When it comes to killing, only some racial recipes are newsworthy.
By Mona Charen
There
is nothing the cable channels love more than a good murder trial,
especially if the violence is spiced with the irresistible seasoning of
race. But you don’t understand much about America if you don’t know that
only some racial recipes are newsworthy. If the victim is white and the
killer is black, it’s not interesting (unless the killer is a
celebrity). If the victims are both white, it’s only interesting if the
victim or the murderer is a comely blond female (preferably a
nymphomaniac). If the victim and killer are both black, it’s a yawn. If
the victim is black and the killer is white — make way for sweeps week!
While
several channels were providing real-time coverage of the George
Zimmerman trial in Florida, a Howard University student was murdered in
Washington, D.C. The story of Omar Sykes didn’t make it to television
news except in Washington, D.C. The story of his murder was noted only
in the Washington Post’s Metro section, provoking this
question: If a white student at any college in Washington, D.C. had been
murdered on the street on the night of July 4, would it have been only a
local story?
Doubtful. A liberal columnist, noting this disparity, would very
likely attribute it to vestigial racism. I think it’s probably something
else. There is a daily death toll of young African-Americans in
America’s cities. In Chicago alone, more than 200 people (mostly black)

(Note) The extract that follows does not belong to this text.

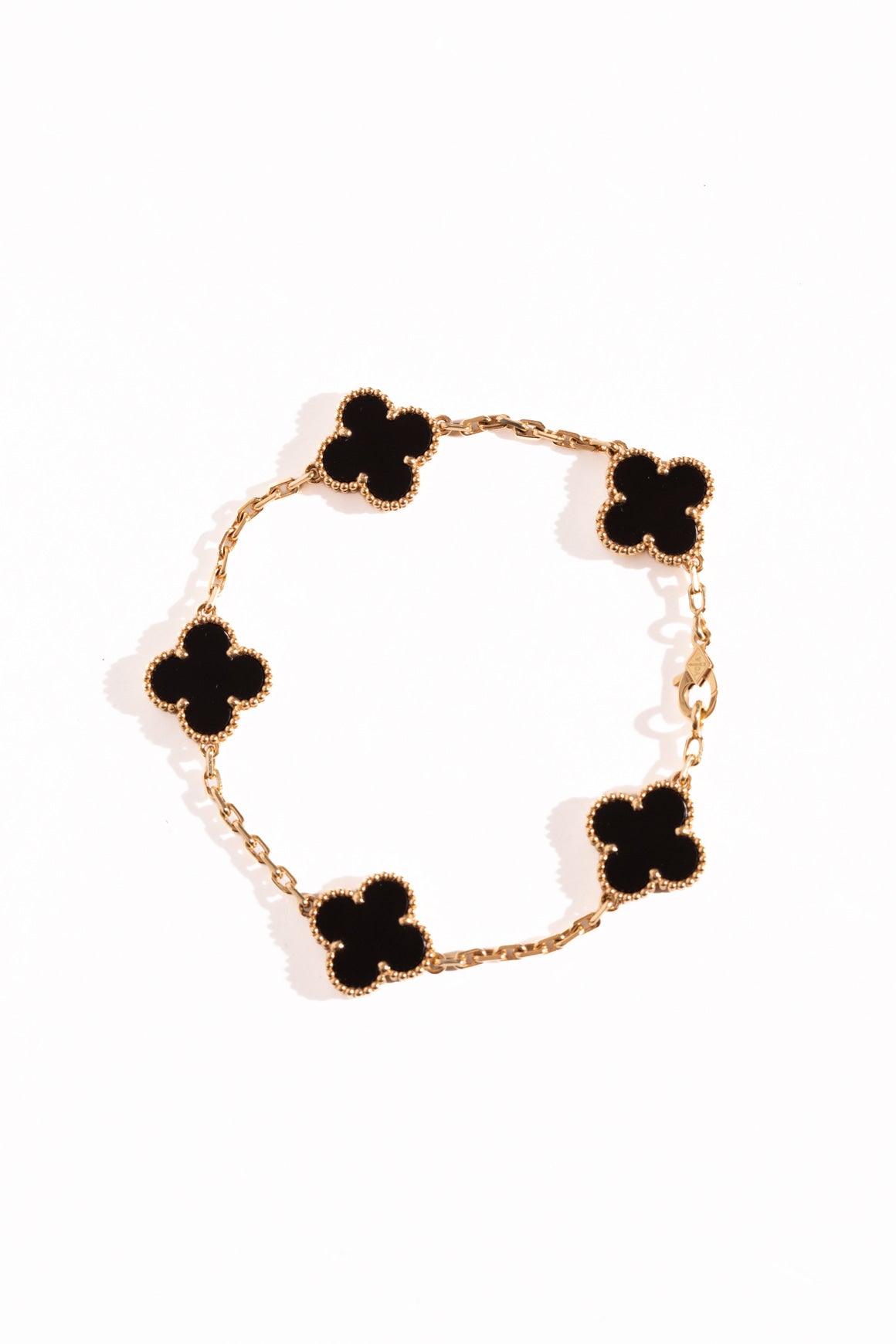 VAN CLEEF & ARPELS Vintage Alhambra Onyx Bracelet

have been killed in just the past six months. These deaths are not
treated as major news events, I suspect, because the press is squeamish
about drawing attention to the fact that the overwhelming majority of
the perpetrators of this violence are black. If these victims had been
killed by white people, it’s a certainty that they would have been a
major national obsession. (Recall the frenzy during the ’90s when it
seemed that white arsonists were firebombing black churches. They
weren’t, but that’s another story.)
Young black males account for 1
percent of the population, yet they comprise 16 percent of murder
victims. They also represent 27 percent of homicide offenders.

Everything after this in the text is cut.